A fellow participant in the chat using the username “Brain Storm” affirmed Corsi’s MK Ultra suggestion, chiming in, “Ding, ding, ding.”
“Yeah, exactly,” Corsi said. “These are mind-controlled and some switch may go off in his head—voices in his head.”
One chat participant asked why the man who killed himself had shot his cell phone, to which another participant responded that the CIA’s MK Ultra mind control experiments in the 1950s had supposedly proved that cell phones—which were not invented until 1973—could be used for mind control.
“The first thing that occurred to me with shooting the cell phone was the cell phone told him to do something, so he first wanted to kill the cell phone,” Corsi said.

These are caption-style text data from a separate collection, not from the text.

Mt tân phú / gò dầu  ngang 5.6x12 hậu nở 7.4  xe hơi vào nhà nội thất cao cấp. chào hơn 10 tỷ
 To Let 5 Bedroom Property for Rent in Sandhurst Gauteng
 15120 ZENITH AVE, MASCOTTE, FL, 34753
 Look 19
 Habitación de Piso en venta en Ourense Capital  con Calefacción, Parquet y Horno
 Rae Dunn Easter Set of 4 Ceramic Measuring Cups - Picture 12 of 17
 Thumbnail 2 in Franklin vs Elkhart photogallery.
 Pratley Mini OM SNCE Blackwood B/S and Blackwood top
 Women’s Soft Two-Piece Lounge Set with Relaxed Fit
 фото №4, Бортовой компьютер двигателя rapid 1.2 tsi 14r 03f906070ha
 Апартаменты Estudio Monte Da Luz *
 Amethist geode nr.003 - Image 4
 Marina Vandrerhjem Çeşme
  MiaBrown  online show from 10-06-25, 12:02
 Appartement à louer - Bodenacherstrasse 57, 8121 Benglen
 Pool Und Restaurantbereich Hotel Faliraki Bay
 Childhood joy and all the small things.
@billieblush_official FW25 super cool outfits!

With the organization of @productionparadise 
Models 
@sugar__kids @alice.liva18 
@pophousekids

While recounting other shootings that have involved the destruction of electronics, one participant recounted the fact that a man had entered a pizza restaurant in D.C. and fired a gun in response to “Pizzagate”—a conspiracy theory pushed by Infowars and others that alleged a satanic child sex trafficking ring was operating out of the restaurant. Corsi quickly changed the subject back to posts by “Qanon.”
“What ‘Q’ is saying here, for the moment, is that this is another indication and potentially suggesting false flag or suggesting changing narrative or doing something that was an MK [Ultra],” Corsi said. “If this were someone who was triggered to go commit suicide or triggered to do this in front of the White House and it was a threat, it was really a threat to the president or a threat to the security or a test of some kind or other, see how the security would react. It’s still pretty sick that an individual like this would just be throwaway, dispensable.”
Another participant said the situation sounded like the “Jason Bourne” movies, before apparently cracking open a beer can.